From 1787 to 1790, he was flag captain in the fleet of Admiral Don Juan de Lángara. In 1790, commanding the San Francisco de Paula, he brought relief to the city of Oran, which was besieged by Algerian pirates. In 1792 he was promoted to brigadier (Commodore), and given command of a squadron in Lángara's fleet. In 1793 and 1794, Álava took part in the campaigns in the Golfe du Lion, part of the French Revolutionary Wars. In 1795, Álava, who had been promoted to jefe de esquadra (rear admiral) the previous year, was given command of a naval squadron that sailed around the world in order to undertake several missions in the Spanish colonies, for example reorganizing the naval forces in the Philippines.
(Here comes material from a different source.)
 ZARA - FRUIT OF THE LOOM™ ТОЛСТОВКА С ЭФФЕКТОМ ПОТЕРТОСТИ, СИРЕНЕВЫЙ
While in the East Indies, he witnessed the British raid on Manila in 1798 and led the combined squadron at the inconclusive Macau Incident in 1799. He would not return to Cádiz until 1803. By then he was a teniente general (vice admiral).

On 15 February 1805, Álava was appointed second-in-command of the Spanish fleet in Cádiz, under Admiral Gravina. When Gravina joined the French Mediterranean fleet under Villeneuve for its voyage to the Caribbean, Álava remained as commander of the ships in Cádiz. On 20 August 1805 Gravina and Villeneuve returned, and Cádiz was blockaded by a Royal Navy fleet under Vice-Admiral Horatio Nelson. On 19 October, the combined French and Spanish fleet left Cádiz, with Álava on board of his flagship, the 112-gun Santa Ana. On 21 October, they met the British fleet and the Battle of Trafalgar ensued.

Alava was severely wounded in the battle, and the Santa Ana was captured by the British. However, two days later, a squadron jointly under the command of Commodore Cosmao-Kerjulien and Spanish Commodore Enrique MacDonell succeeded in recapturing her and getting her back to Cádiz. After Gravina died of the wounds he had received in the battle, Álava became the commander of the remaining ships in Cádiz. In May 1808, Álava defected to Sevilla, where a junta had formed to oppose the French. After Cádiz had been recaptured by the Spanish, Álava once again became commander of the naval squadron based there. In 1810, Álava became Commander-in-Chief in the Caribbean, based in Havana. He returned to Cádiz in 1813, as its governor. In 1814 he became a member of the Supreme Council of the Spanish Admiralty, and on 24 February 1817 he became Admiral of the Spanish Fleet. He died after only three months in this position.